### Provided material
╭──
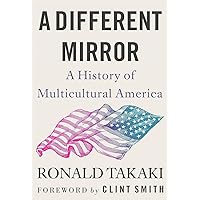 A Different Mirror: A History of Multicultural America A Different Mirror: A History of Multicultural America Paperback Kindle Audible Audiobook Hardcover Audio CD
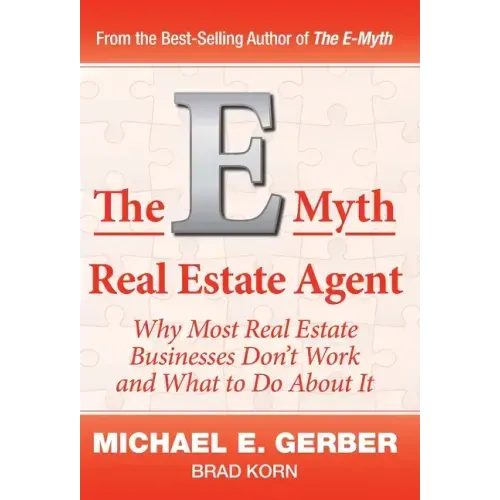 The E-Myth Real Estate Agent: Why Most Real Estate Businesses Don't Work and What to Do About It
╰──
╭──
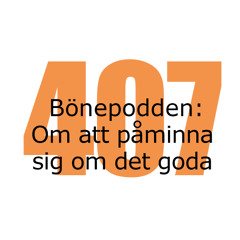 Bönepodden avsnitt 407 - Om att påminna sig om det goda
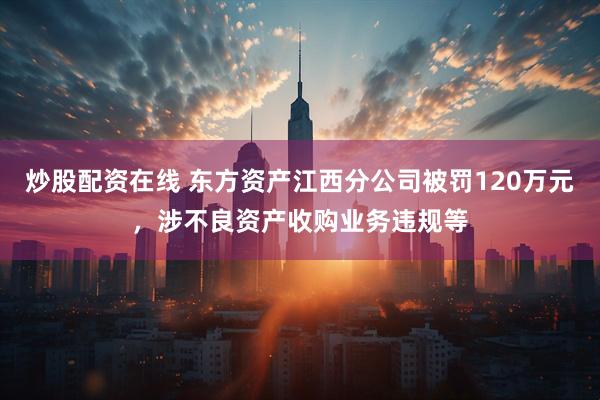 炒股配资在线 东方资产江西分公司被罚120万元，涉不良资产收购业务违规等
╰──
### What you will do
Go back to the lines above and output, exactly as they stand, the ones from the line containing "A Different Mirror: A History of Multicultural America A" to the line containing "The E-Myth Real". Leave all pictures behind.

### Solution for this task
 A Different Mirror: A History of Multicultural America A Different Mirror: A History of Multicultural America Paperback Kindle Audible Audiobook Hardcover Audio CD
 The E-Myth Real Estate Agent: Why Most Real Estate Businesses Don't Work and What to Do About It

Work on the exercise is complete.